### Exercise
Show, from the entries below, every line in which "with" appears.

### Task material

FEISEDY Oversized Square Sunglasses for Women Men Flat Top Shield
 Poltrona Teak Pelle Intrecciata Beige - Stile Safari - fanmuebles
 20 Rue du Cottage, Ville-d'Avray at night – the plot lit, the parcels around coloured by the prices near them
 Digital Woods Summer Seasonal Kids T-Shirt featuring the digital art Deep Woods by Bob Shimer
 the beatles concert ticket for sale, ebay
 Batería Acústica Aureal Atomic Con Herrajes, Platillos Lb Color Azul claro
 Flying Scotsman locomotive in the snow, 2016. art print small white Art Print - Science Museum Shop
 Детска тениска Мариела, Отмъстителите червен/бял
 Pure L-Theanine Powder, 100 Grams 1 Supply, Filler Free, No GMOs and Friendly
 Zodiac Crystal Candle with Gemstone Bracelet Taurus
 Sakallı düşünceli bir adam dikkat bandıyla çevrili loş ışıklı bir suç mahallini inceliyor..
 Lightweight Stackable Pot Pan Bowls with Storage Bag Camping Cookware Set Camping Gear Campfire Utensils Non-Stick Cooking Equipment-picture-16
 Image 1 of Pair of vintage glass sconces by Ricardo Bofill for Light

### Answer
 Zodiac Crystal Candle with Gemstone Bracelet Taurus
 Lightweight Stackable Pot Pan Bowls with Storage Bag Camping Cookware Set Camping Gear Campfire Utensils Non-Stick Cooking Equipment-picture-16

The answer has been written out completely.